Identification of activated matrix metalloproteinase-2 (MMP-2) as the main gelatinolytic enzyme in malignant melanoma by in situ zymography

Abstract

The involvement of extracellular matrix-degrading enzymes, such as matrix metalloproteinases and serine proteases, during tumour progression and metastasis is well established. In particular, the activation of pro-matrix metalloproteinase (MMP)-2 on the surface of malignant cells by membrane-bound MT1-MMP has been shown to contribute to the invasive abilities of various tumours. This study presents evidence that in tissue of malignant melanomas, increased effective gelatinolytic activity is mainly located at sites where melanoma cells interact with the surrounding extracellular matrix. Forty-one primary melanomas (30 superficial spreading and 11 nodular type) and six lymph node metastases were investigated by a modified technique of gelatin in situ zymography. This technique localizes areas of effective proteolytic activity within tissue sections.

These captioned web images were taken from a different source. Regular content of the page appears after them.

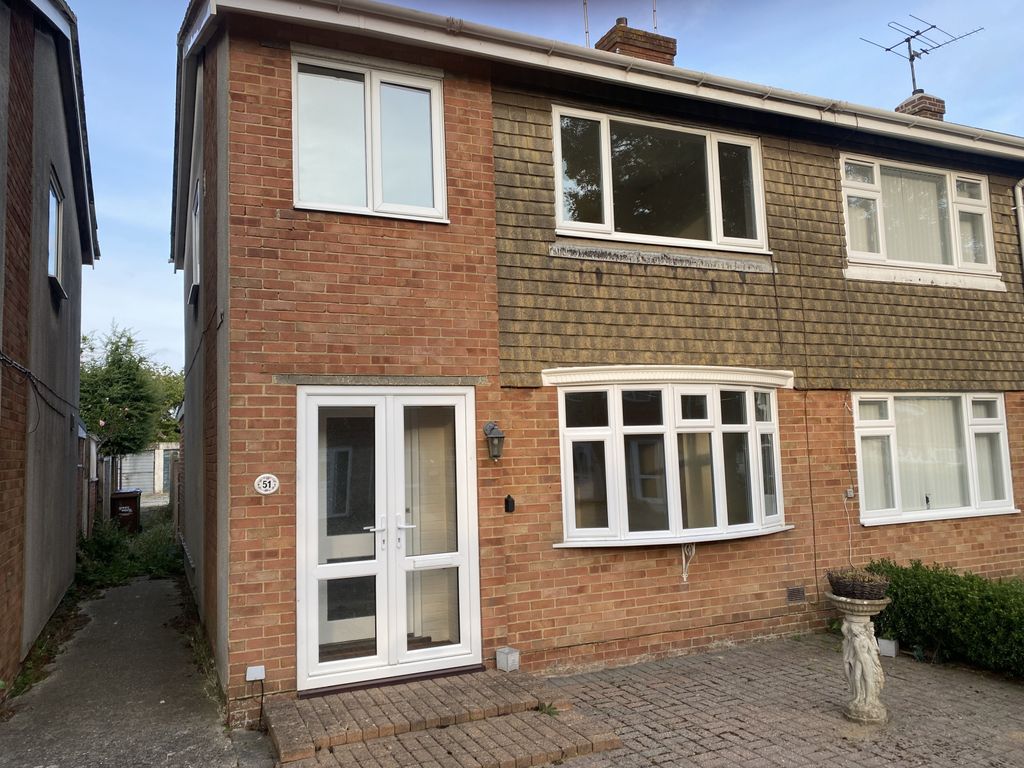 Property photo 1 of 9 Spacious 3 Bed House With Garden In East Preston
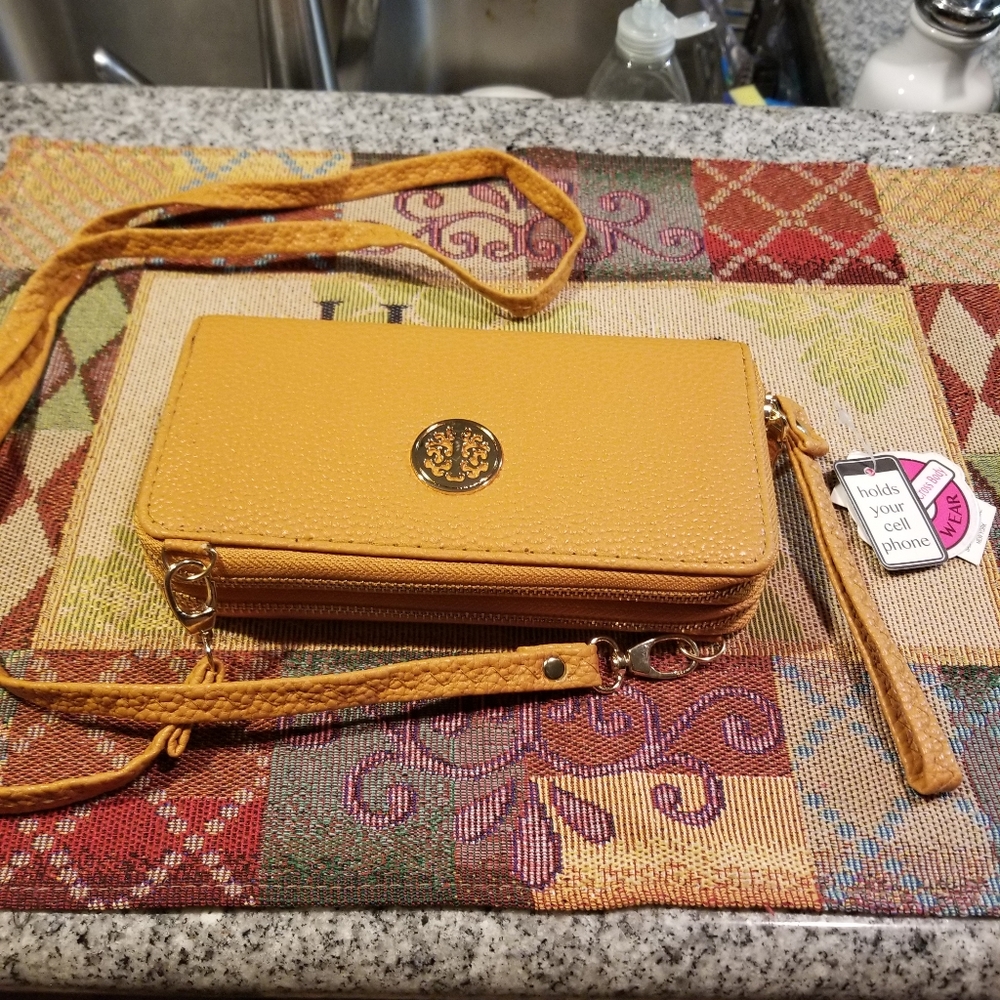 NWT Sasha Wallet/Wristlet/Cross Body Purse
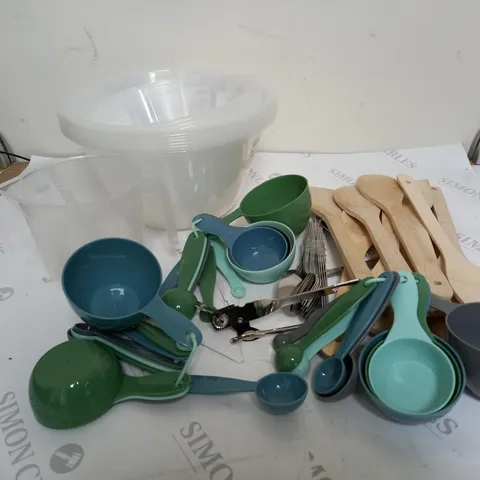 PLASTIC COOKWARE SET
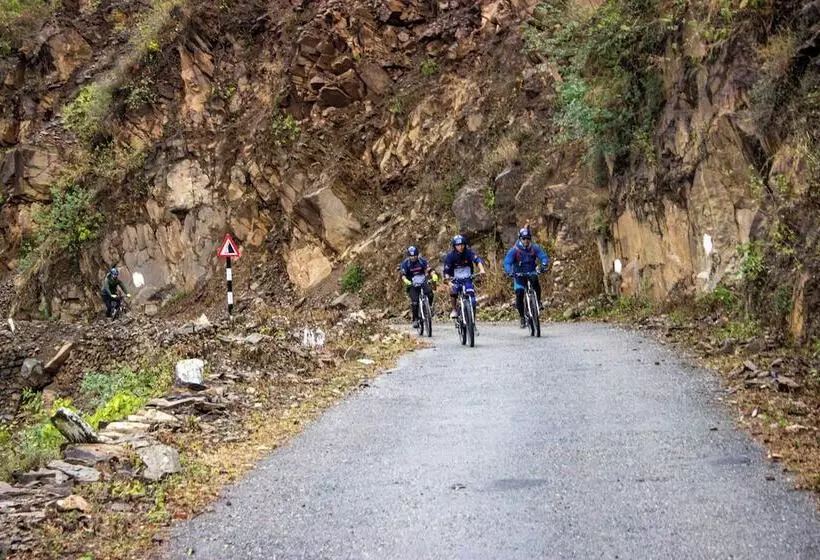 هتل Atali Ganga Resort, Rishikesh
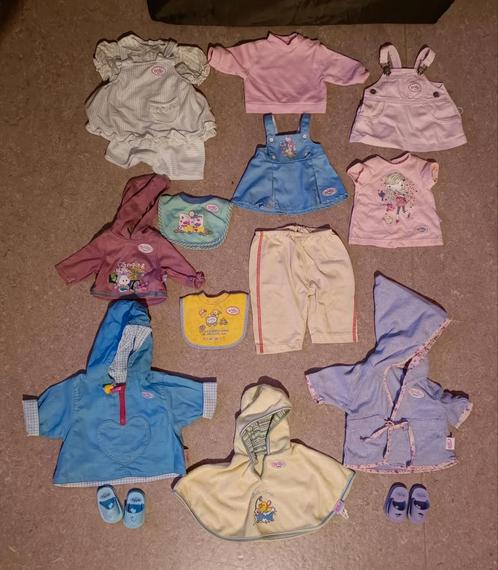 Kleding van Zapf Creation,Baby Born en Chou Chou...30 stuks!, Kinderen en Baby's, Speelgoed | Poppen, Gebruikt, Ophalen of Verzenden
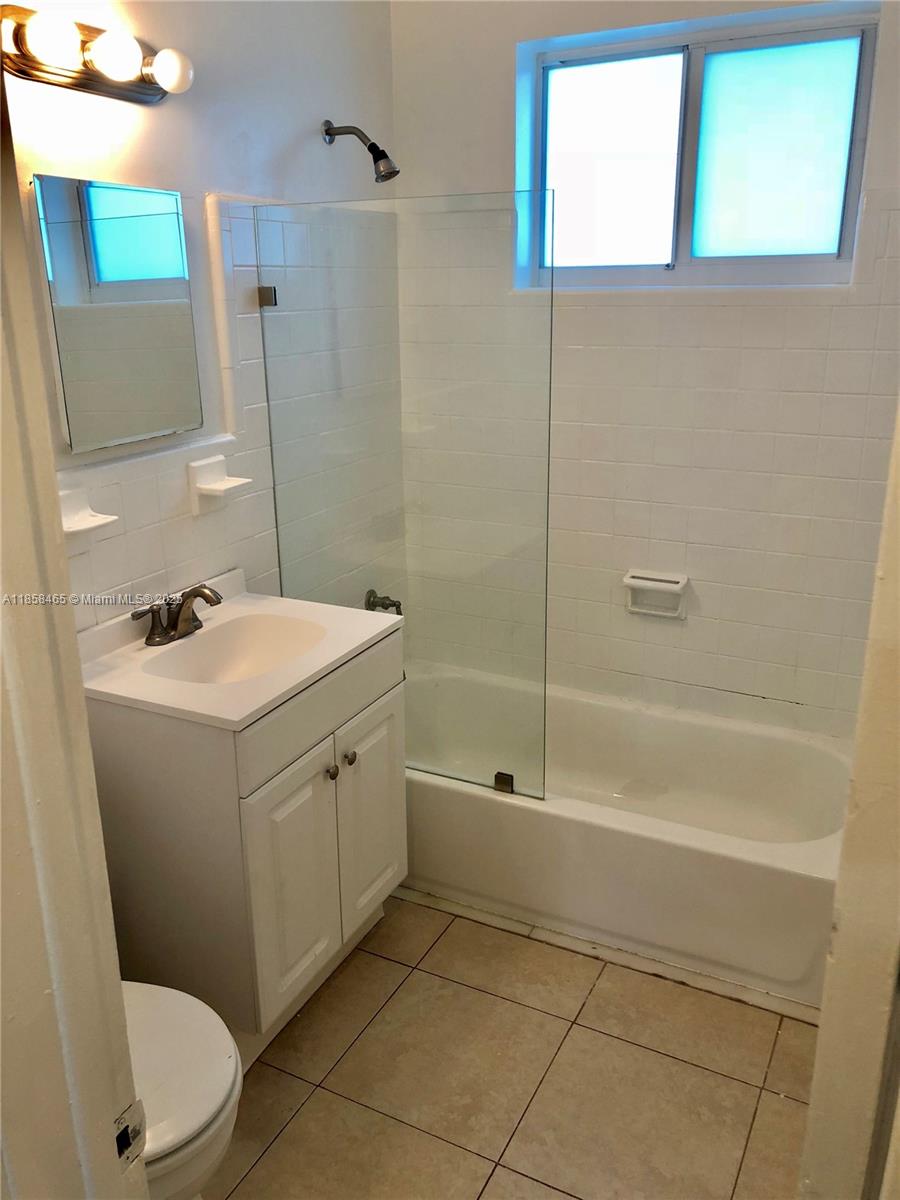 8227 Crespi Boulevard, Unit 3 Miami Beach, FL 33141 - Photo 7 of 27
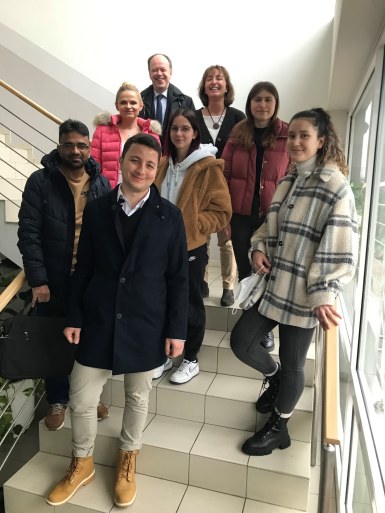 Unsere Pflegeschülerinnen und -schüler des Kurses F 22-25 mit Fr. Maikranz und Hr. Uloth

In 28/41 (68%) primary melanomas and in 6/6 (100%) metastases, considerable proteolysis was detected at the invading part of the tumour and especially at sites of tumour-stroma interactions, whereas no or only weak proteolytic activity was localized within the centres of solid nests of tumour cells. Zymographic analysis of extracts obtained from different areas of microdissected melanoma specimens identified activated MMP-2 as the enzyme responsible for this activity. Immunohistochemical analysis detected strong staining for MMP-2 and MT1-MMP, even in areas in which no proteolytic activity was found by in situ zymography, emphasizing the importance of more functional techniques for the investigation of balanced proteolytic systems. This technology makes it possible to draw conclusions regarding the balance between activated proteases and inhibitors, which are frequently found to be present together in close proximity in vivo.